There are better books explaining our age of anger, the swell of belligerent opposition to liberalism as democracy’s cornerstone, the disillusionment with democracy itself, and why this doesn’t mean — yet — the end of progress. But, overall, Harari’s lessons are entertaining, insightful and valuable. The smaller ones, such as how to acknowledge one’s ignorance to overcome the "knowledge illusion", are entertaining. Others, like the reassurance that we shouldn’t panic about terrorism because it kills infinitely smaller numbers than diabetes or air pollution, are provocative but contextually illuminating.

The end is nigh

More alarming is the book’s extrapolation of the tumult that robotics and artificial intelligence (AI) are already causing in the workplace. This will ratchet up the ugly side of 20th-century capitalism from exploitation of the majority to a new form of 21st-century tragedy, that of unnecessary people. The schism within humanity, between those who have value and those economically spare and irrelevant, is already under way. Industry 4.0 threatens to trample upon humanism.

Harari teaches us most when he addresses the existential threats that shadow our present: nuclear weaponry capabilities, climate change, and — the book’s focus, threaded throughout — technological disruption.
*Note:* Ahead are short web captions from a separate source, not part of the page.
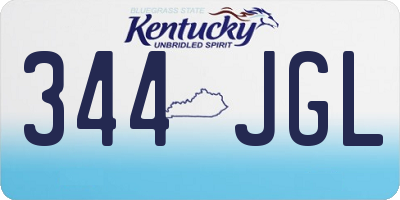 KY license plate 344JGL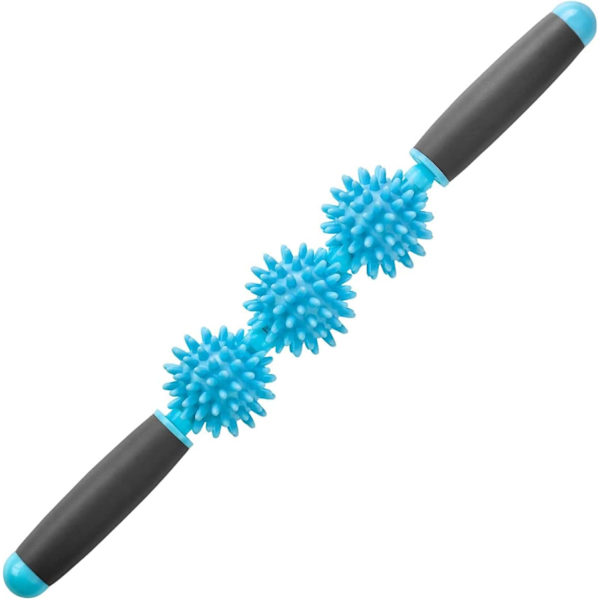 3-bolls fascia muskelrulle - Anti-cellulitmassager, fascia rulle för celluliter och muskler Blue
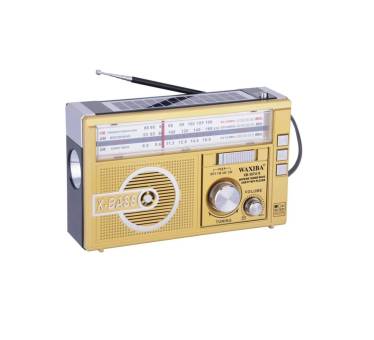 РАДИОПРИЕМНИК xb-108bt-s USB/SD/microSD/FM/фонарик, красный "WAXIBA"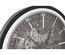 Horloge Murale DKD Home Decor Marron Mappemonde Noir Fer (59,5 x 8,5 x 59,5 cm)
Historian and philosopher Yuval Noah Harari. Picture: Supplied
Historian and philosopher Yuval Noah Harari. Picture: Supplied

He’s fearful of the fusion of infotech, including AI, and bio-engineering. Imminently, humanity will confront a power paradigm of governments and corporations being able to read and know our minds. They will understand us better than we do ourselves — a form of control more powerfully pervasive and persuasive than anything before, precipitating an all-knowing, all-seeing "digital dictatorship".
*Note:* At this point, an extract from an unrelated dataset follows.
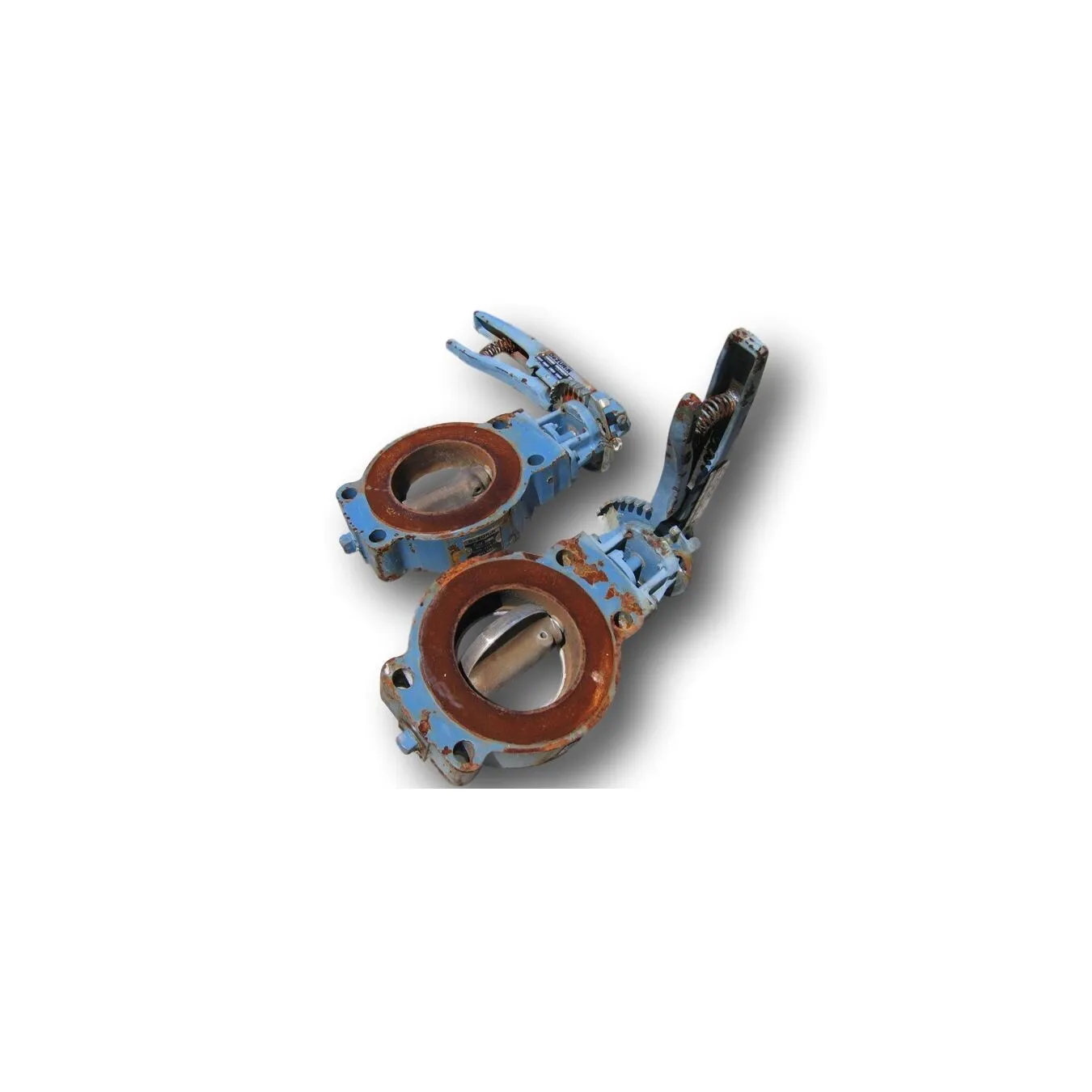 USED 4" DEZURIK MANUAL BUTTERFLY VALVE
Harari’s seminal lesson is that already, perhaps, "someone has privileged access to your brain, and it’s not you".

He isn’t entirely pessimistic. Progress does not cease, and we are not helpless, because technology’s direction isn’t predetermined. In the 20th century it facilitated Nazism and communism, but also liberal democracy; in the current century it may forge a paradise or trigger a descent into dystopia. Harari believes "it’s still midway, it’s undecided". But we need to act wisely, and urgently, to retain the option to choose the road that veers towards humanism. And, without global co-operation, "the human future is not promising".

The last teaching, in which Harari extols the merits of meditation, initially seems inapt. It’s a revelation of his personal strategy to cope with the pressures and stresses the book describes. Meditation is certainly working for him: he’s expanded his reach and relevance to a universe beyond that of a history lecturer at the Hebrew University of Jerusalem. His books have sold over 12-million copies, and news channel CNN has described him as "a global intellectual superstar".

Plus, the point is well made: as a facilitator of calm in a world of turmoil, and to gain greater self-knowledge, meditation may be invaluable. As Harari puts it, "we had better understand our minds before the algorithms make up our minds for us".

Ultimately, the biggest lesson of the book is that we will need to keep our heads, and keep learning. 21 Lessons for the 21st Century is a fine read, but it won’t ever be enough.